彼と死に別れた私は何故だか前世の記憶を持ったまま次の生を受け、再び彼と出会った。これはきっと運命だと、私は意気揚々と領主の彼の屋敷を訪れた。
でも、違った。彼は私を覚えてはいなかったのだ。
彼の屋敷の前で、彼の前世の名を呼んで泣き叫ぶ私を、気味悪げに部屋の窓から見下ろす彼の瞳。そのときの私の絶望は、誰にも理解出来ないだろう。
――そしてそれ以降、彼には二度と会うことは出来ずに、私はそのまま流行病にかかって死んだ。
二度目は屋敷メイドと執事だった。
私は年頃になり家庭教師をしている主人の下でメイドとして働くことになった。その屋敷で執事をしていたのが彼である。

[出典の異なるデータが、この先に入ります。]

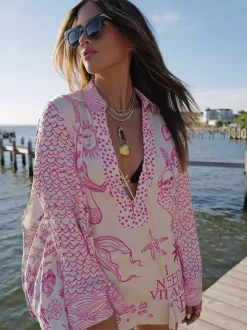 Satin Print Pajama Set For Women - Coastal Graphic V-Neck Long Sleeve Shirt And Shorts - Summer Cruise Party 2026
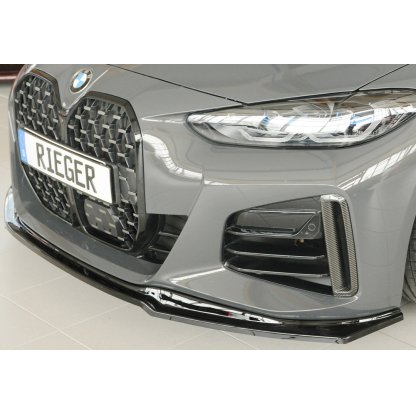 Rieger lipa pod přední nárazník pro BMW řada 4 G26 gran coupe (5-dvéř.), 07/20-, plast ABS lakovaný do černé lesklé barvy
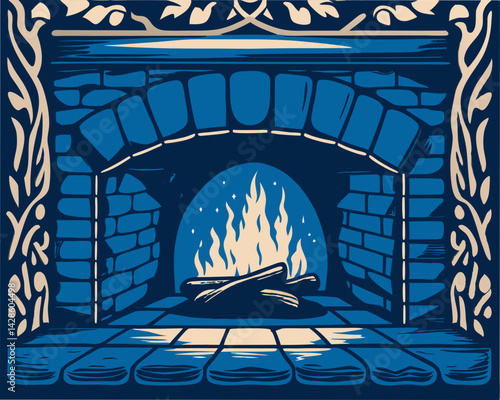 Cozy fireplace with flames and logs against a detailed background  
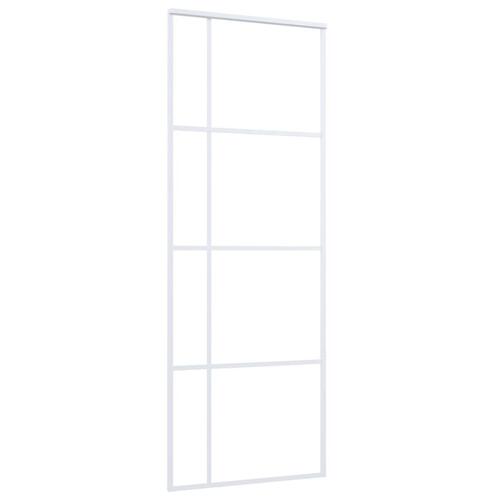 Skydedør 76x205 cm hærdet matteret glas og aluminium hvid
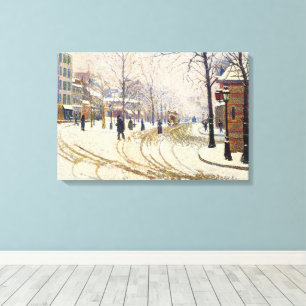 Snow, Boulevard de Clichy, Paris by Paul Signac Canvas Print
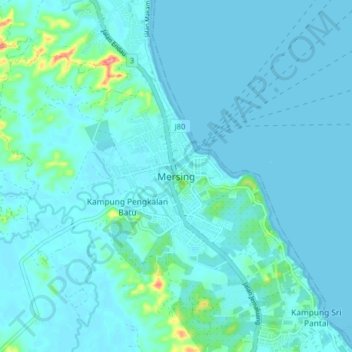 Mersing topographic map, elevation, terrain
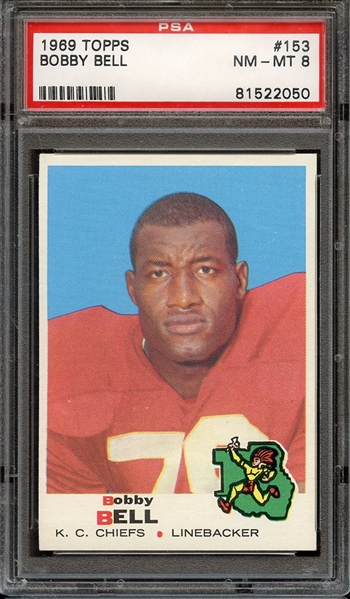 1969 TOPPS 153 BOBBY BELL PSA NM-MT 8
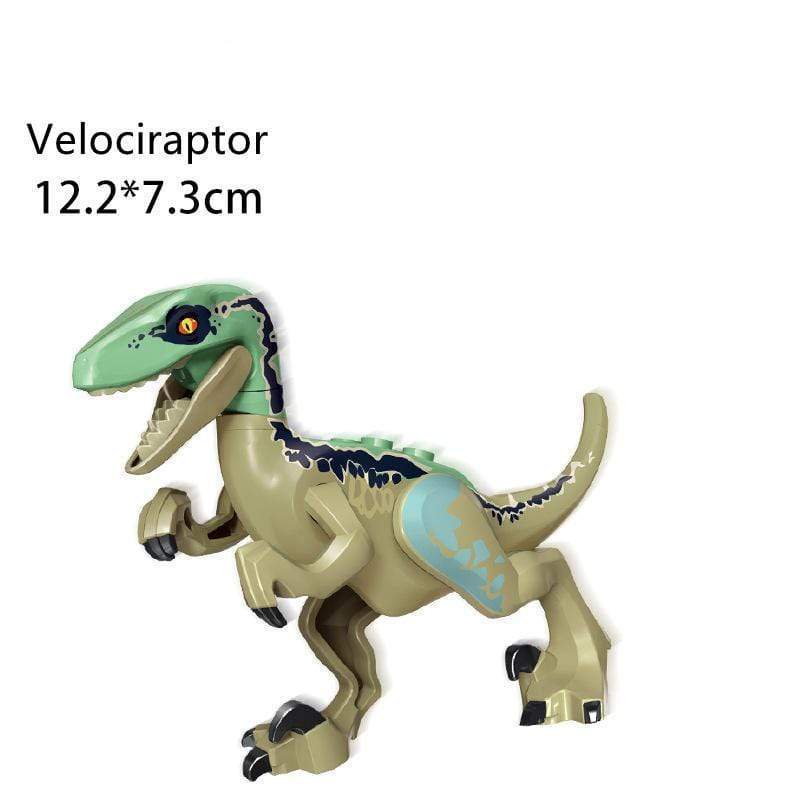 5‘’ Mini Dinosaur Jurassic Theme DIY Action Figures Building Blocks Toy Playsets Velociraptor / Gray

私は再びときめいた。今度は失敗しまいと慎ましく過ごした。
前世の記憶があるのは私だけ、彼は過去の記憶を覚えている気配はない。気味悪がられないように、只の普通のメイドとして――、いや、周りのメイドの誰よりも必死に働き、主人にも彼にも認められるように頑張った。
そして遂に彼と恋人になり、結婚の約束をした。
けれどその結婚を目前に――彼は死んだ。だから私は毒を飲んだ。
三度目、私は年頃になる前に死んだ。親友だと思っていた者に裏切られたのだ。
いや、彼女の行動は正当なものだっただろう。前世の記憶があるなどと口を滑らせた自分が悪かったのだ。
私は魔女扱いされ、十字架に張り付けられ火で炙り殺された。
四度目、二十歳になってようやく彼を見つけた。
けれど彼には既に婚約者がいて、そこに私の入り込む隙は無かった。
私は彼をひっそりと見守った。名前も顔も明かさず、彼と恋人の結婚式を遠くから見学した。
幸せそうな彼の笑顔。私以外の女性に向けられる熱い視線――。
私の心は嫉妬の業火で燃やされた。やはり耐えられなかった。あの愛しい人が、他の女性を愛するということに。
私はその夜、深い川に飛び込んだ。
そんなことを、何度も何度も繰り返した。
十回、二十回――繰り返すうちに、気が付いてしまった。
私が彼に近づけば近づくほど、彼は不幸になるのだと。私と恋人になると、彼は何らかの理由で死んでしまうのだということに。
――これは呪いなのだろうか。
いつしか私の心は絶望の色に塗りつぶされていた。
私が遠くから彼を見ている限りは、彼は不幸にはならない。他の心優しい女性と結婚し、子供を作り、幸せになるのだ。
けれど、愛する彼の幸せが、私の幸せ――とは、どうしても思えなかった。
私だけを見て欲しかった。私だけを愛して欲しかった。けれどそれは決して叶わない。
何故、記憶が消えないのか。
消えてくれれば、こんなに辛い気持ちにならずにすんだのに。何故、私だけ、何故、彼は私を思い出さない……。
いつしか私は私を、そして彼を、憎悪していった。
そして気が付けば転生を三十回繰り返していた。
私は彼以外の男と結婚し子供を産んだ。夫は私を心から愛してくれた。子供も私を母と慕い、とても大切にしてくれた。
けれど私は誰も愛せなかった。このような浅ましく、卑しい呪いを受けた私に、誰かを愛する資格など無いのだ。
いや、もしかしたら違ったのかもしれない。愛することが怖かったのかもしれない。愛する者を、もう一度失うということが――。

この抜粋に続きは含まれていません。